El primero es el uso mental del templete:
Me refiero al campo de visión y de percepción humanas ahora restringidos, coartados, normativizados, regulados, esclavizados, por infinidad de coloridos templetes, todos nítidamente almacenados en el celular, visibles en nuestra pantalla. Todo en el mundo digital es un templete programado en el que tú no tomas decisiones sobre el contenido del menú de opciones, ni en su concepción estética. Muchos no sabrán de qué estoy hablando precisamente debido al absoluto estrangulamiento del campo de visión y del pensamiento que produce todo templete. Es como si forzaran nuestra masa cerebral al interior de una charola de plástico para hacer cubos de hielo en el refrigerador y que nosotros estuviésemos distraídos mientras ello ocurre. Distraídos, por ejemplo, con las opciones que nos da la app para enmarcar la foto de aquel perrito tan lindo. Hay que lindo el perrito.
Como de costumbre, la real academia española de la lengua y su diccionario aún no se deciden a dar una definición útil a los tiempos actuales de la palabra templete. Así que definámosla nosotros mismos de manera provisional: un templete es un molde, modelo, un armazón o patrón prefabricado, una serie de instrucciones, cuadros, o medidas que sirven como guías para realizar alguna tarea, solo de la manera en que el templete lo permite y de ninguna otra.
Un teléfono inteligente piensa por nosotros, detengámonos un segundo en este detalle —desde ciertos ángulos la característica más detestable y peligrosa de muchas nuevas tecnologías o «gadgets» de uso personal—. Para pensar por nosotros, el teléfono almacena y pone en operación cientos de templetes de distintos tamaños colores y formas, pero al fin y al cabo templetes. El templete simboliza nuestro alejamiento del medio natural del que provenimos. Una manzana —imaginémosla— y la infinita cantidad y variabilidad de tonos, brillos y colores que hay en su superficie, en su contorno. No hablemos de su sabor y aroma si es una manzana silvestre o de huerto.

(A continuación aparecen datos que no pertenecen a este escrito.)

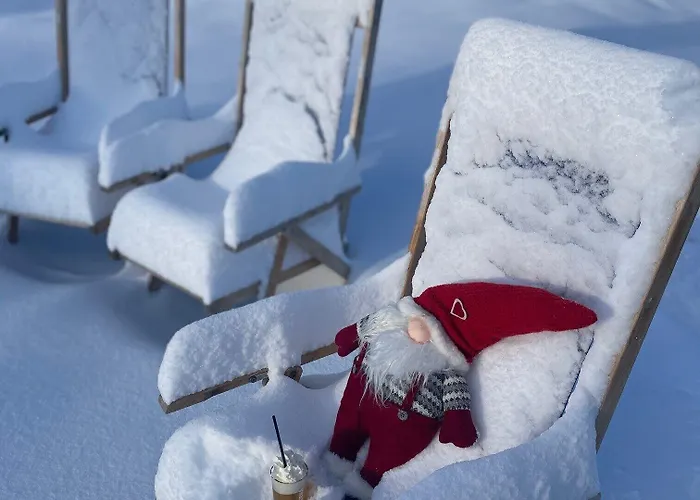 Hotel Seewirt Turracher Hohe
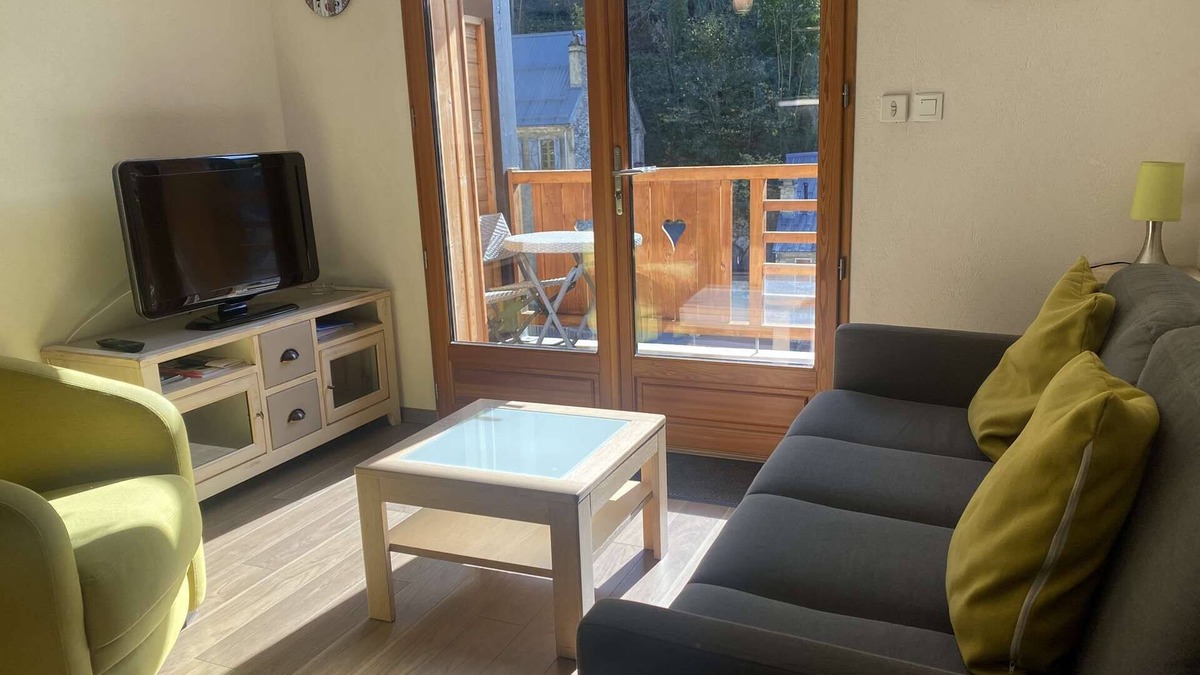 Sers Apartment | Nice T2 apartment with 6 beds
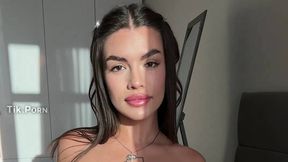 Member content by @HaileyBerryy @Teasing & #Shaved Pussy #Solo #Naked #Brunette gratis porno xxx | Tik.Porn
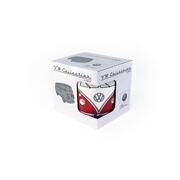 Mug combi : Rouge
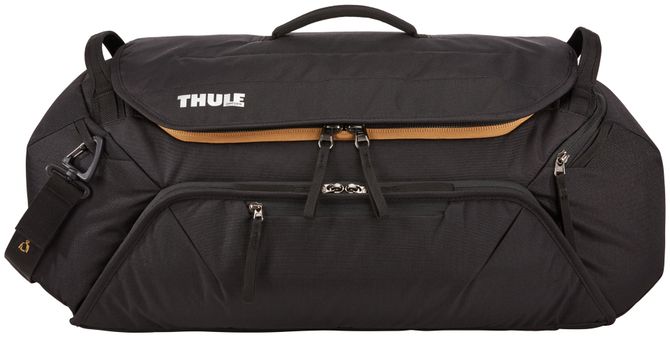 Велосипедная сумка Thule RoundTrip Bike Duffel (Black) 3204352 670:500 - Фото 2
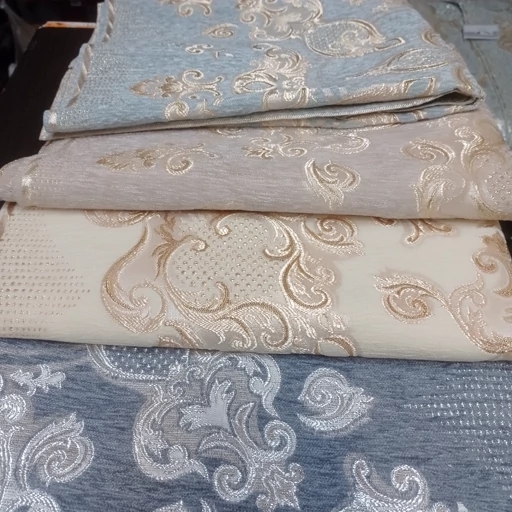 رومیزی خاطره مخمل قلمکار جدید مربع سایز 90*90 در رنگ‌بندی متنوع
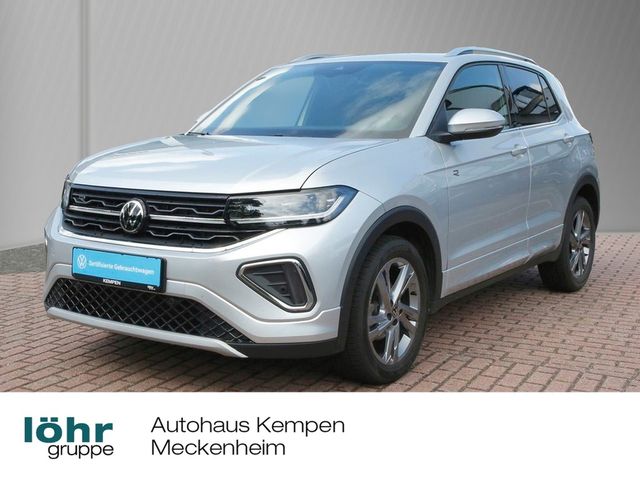 Volkswagen T-Cross 1.5 TSI DSG R-Line AHK Navi+VC ACC RFK+P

El uso indiscriminado de templetes restringe, coarta, encajona, acorrala, estupidiza, devalúa, abarata, pervierte, empendejece, empobrece nuestra imaginación y percepción de la realidad y de nosotros mismos. No solo de la manzana y la realidad exterior, sino de ti mismo. Ahora no solo tenemos que ver la realidad y juzgarla de acuerdo a los templetes de nuestro teléfono, sino que también tenemos que vernos a nosotros mismos bajo esa misma camisa de fuerza tecnológica, imbecilizadora, empobrecedora, enceguecedora, de la realidad.
El segundo es el uso manual de «arrastrar el dedo» o «swipe»
Me refiero a la operación perezosa y vil de arrastrar el menú de opciones y las pantallas en el teléfono celular con nuestro dedo, desvirtuando nuestra relación con la realidad y con el prójimo —volviéndonos verdaderamente autistas, de acuerdo a nuestra definición—. Operación llamada en inglés swipe.
Next. Algo no me gusta, no lo identifico —en mi memoria condicionada por templetes—, no lo proceso, no lo reconozco: siguiente>swipe. Con nuestro dedo, holgazanamente descartamos, tiramos a la basura, desaparecemos. Y eso mismo hacemos ya —autistamente— con las personas, con nuestros congéneres, y eso mismo están haciendo ellos con nosotros, contigo.
Destrucción psíquica mutua: esa si es una forma de reciprocidad generalizada, quizás la única. Infringiéndonos un tipo de daño que ni logarítmicamente podríamos representar en una gráfica. Es difícil no preguntarse ¿La idea de un autismo programado, inducido cultural y tecnológicamente, es solo un experimento mental, una hipótesis de trabajo, o una realidad que hay que empezar a tomar en bastante más en serio?